Call: We are searching for researchers interested in contributing a paper to our forthcoming collection of essays to be submitted to the Atlantic Canada Studies series of the University of Toronto Press. An initial workshop will feature discussion of preliminary, pre-circulated texts submitted by contributors. Works might include early research results, historiographical analysis, and proposed methodological approaches. A second workshop will consider updated papers to further refine the analysis and advance larger discussions about the project’s central themes. The essays will then be submitted for peer review and go through a final round of revisions before publication. Selected contributors can expect some support with travel expenses.

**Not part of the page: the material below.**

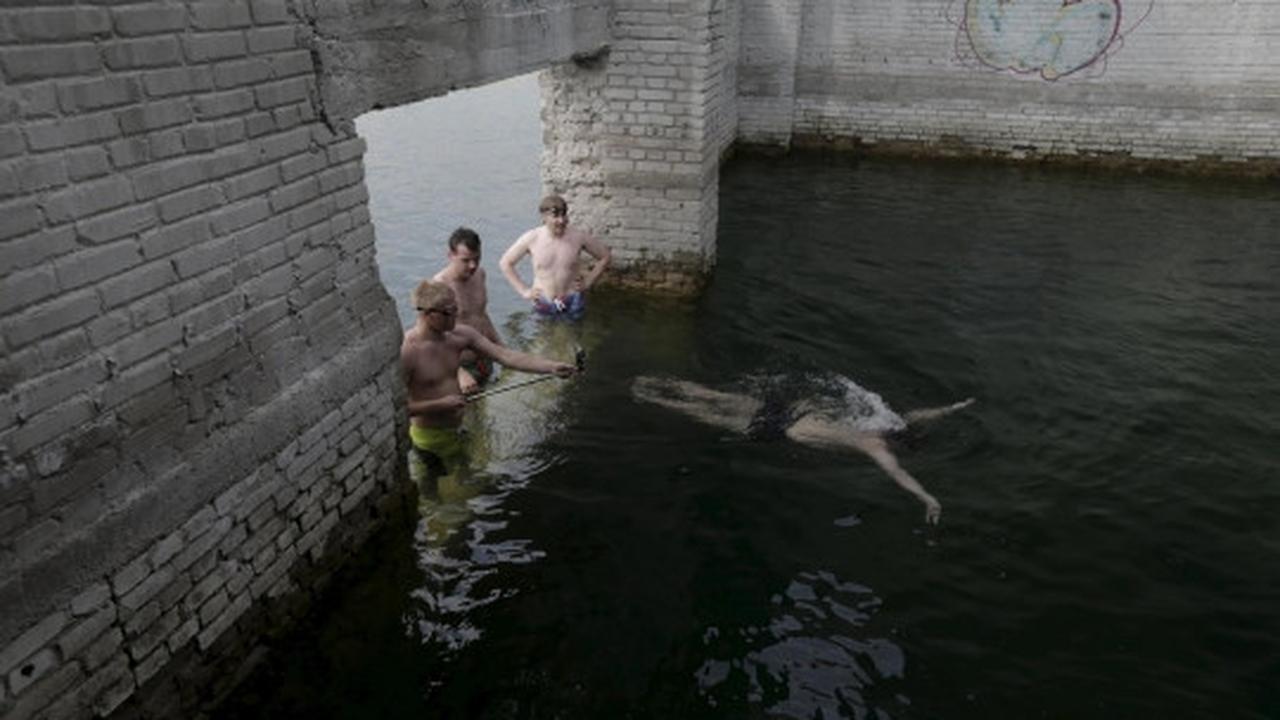 Sensasi angker berenang di danau bekas penjara dan tambang tua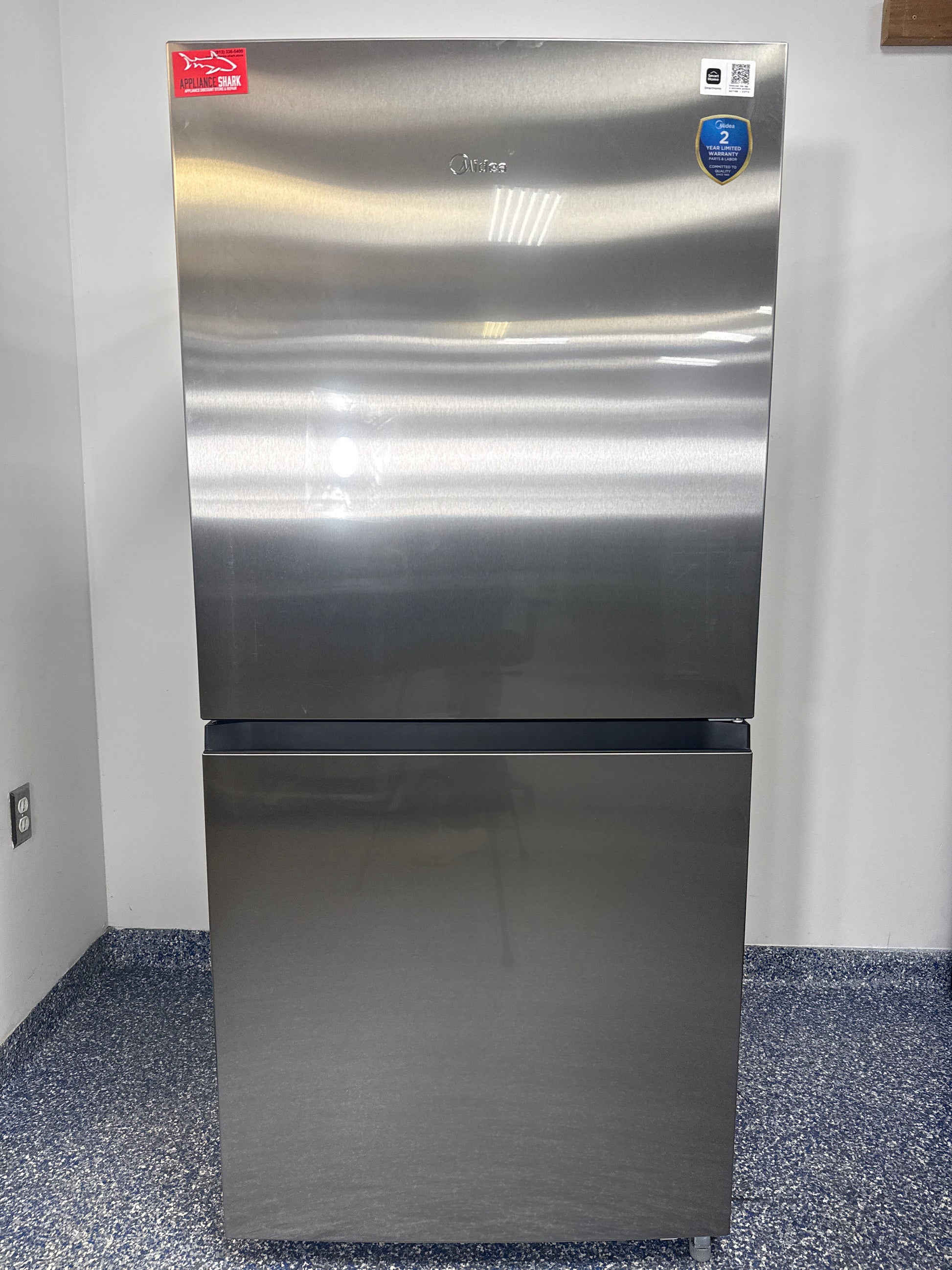 “MIDEA MRU21C7BST convertible refrigerator/freezer front view kansas-city-kitchen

  • First Workshop: 17-19 June 2020 at the Université de Moncton, Moncton
  • Second Workshop: June 2021 at the University of New Brunswick, Fredericton
  • Submission of essays followed by peer review: September 2021
  • Final submission of revised essays: April 2022
  • Publication: Anticipated for late 2022 or early 2023

Discussion: The centenary of the First World War generated considerable discussion amongst historians about commemoration, memory, and nationalism. While some warned of militaristic “traps” (McKay and Swift, 2016), others advanced nuanced, but still celebratory, accounts of Canada’s wartime accomplishments (Cook, 2017). Traditional military history, with its penchant for battlefield descriptions and biographical accounts of generals, has been somewhat eclipsed by a “war and society” approach that has sought to undertake bottom-up accounts of the war and its consequences for ordinary people. Publications on Canadian women and girls (Glassford and Shaw, 2012), minority communities like the Acadians (Kennedy, 2018), as well as rejected volunteers (Clarke, 2015) and unwilling conscripts (Dennis, 2017), have greatly expanded knowledge of the diverse experiences of the war. We are starting to develop a greater understanding of how military culture influenced and informed political culture and this has set the stage for wider inquiry. Such an analysis is particularly relevant regarding the militia, an institution of part-time citizen soldiers (sometimes obligatory, sometimes voluntary) dating back to the colonial era.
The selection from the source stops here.